Node Failures – (3) • But the “no problem” conclusion is highly dependent on the Datalog assumption that it is computing sets. • Argument would fail if we were computing bags or aggregations of the tuples produced. • Similar problems for other recursions, e.g., PDE’s.
Extension of Map-Reduce Architecture for Recursion • Necessarily, all tasks need to operate in rounds. • The master controller learns of all input files that are part of the round-i input to task T and records that T has received these files.
Extension – (2) • Suppose some task S fails, and it never supplies the round-(i +1) input to T. • A replacement S’ for S is restarted at some other node. • The master knows that T has received up to round i from S, so it ignores the first i output files from S’.
Extension – (3) • Master knows where all the inputs ever received by S are from, so it can provide those to S’.
Checkpointing and State • Another approach is to design tasks so that they can periodically write a state file, which is replicated elsewhere. • Tasks take input + state. • Initially, state is empty. • Master can restart a task from some state and feed it only inputs received after that state was written.
Example: Checkpointing p(X,Y) :- p(X,Z) & p(Z,Y) • Two groups of tasks: • Join tasks: hash on Z, using h(Z). • Like tasks from previous example. • Eliminate-duplicates tasks: hash on X and Y, using h’(X,Y). • Receives tuples from join tasks. • Distributes truly new tuples to join tasks.
to h(a) and h(b) if new p(a,b) p(a,b) to h’(a,b) Example – (2) . . . Dup-elim tasks. State has p(x,y) if h’(x,y) is right. Join tasks. State has p(x,y) if h(x) or h(y) is right.

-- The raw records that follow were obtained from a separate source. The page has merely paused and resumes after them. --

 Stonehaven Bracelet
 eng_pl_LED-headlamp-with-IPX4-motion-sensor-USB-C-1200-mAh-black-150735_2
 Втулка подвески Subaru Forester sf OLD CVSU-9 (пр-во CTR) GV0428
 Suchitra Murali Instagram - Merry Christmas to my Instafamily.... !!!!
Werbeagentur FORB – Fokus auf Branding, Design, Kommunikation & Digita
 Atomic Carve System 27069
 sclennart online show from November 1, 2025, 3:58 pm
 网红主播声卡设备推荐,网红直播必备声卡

Example – Details • Each task writes “buffer” files locally, one for each of the tasks in the other rank. • The two ranks of tasks are run on different racks of nodes, to minimize the probability that tasks in both ranks will fail at the same time.

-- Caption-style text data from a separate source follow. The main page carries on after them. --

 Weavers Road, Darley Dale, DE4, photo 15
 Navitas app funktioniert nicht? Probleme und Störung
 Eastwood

Example – Details – (2) • Periodically, each task writes its state (tuples received so far) incrementally and lets the master controller replicate it. • Problem: the controller can’t be too eager to pass output files to their input, or files become tiny.

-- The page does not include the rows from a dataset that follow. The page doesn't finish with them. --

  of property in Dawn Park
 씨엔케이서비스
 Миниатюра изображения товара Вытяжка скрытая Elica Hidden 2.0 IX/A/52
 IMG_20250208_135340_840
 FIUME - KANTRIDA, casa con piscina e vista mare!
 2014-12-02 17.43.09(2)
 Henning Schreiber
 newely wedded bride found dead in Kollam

Future Research • There is work to be done on optimization, using map-reduce or similar facilities, for restricted SQL such as Datalog, Datalog–, Datalog + aggregation. • Check out Hive, PIG, as well as work on multiway join optimization.
Future Research – (2) • Almost everything is open about recursive Datalog implementation under map-reduce or similar systems. • Seminaïve evaluation in general case. • Architectures for managing failures. • Clustera and Hyrax are interesting examples of (nonrecursive) extension of map-reduce. • When can we avoid communication as with p(X,Y) :- e(X,Z) & p(Z,Y)?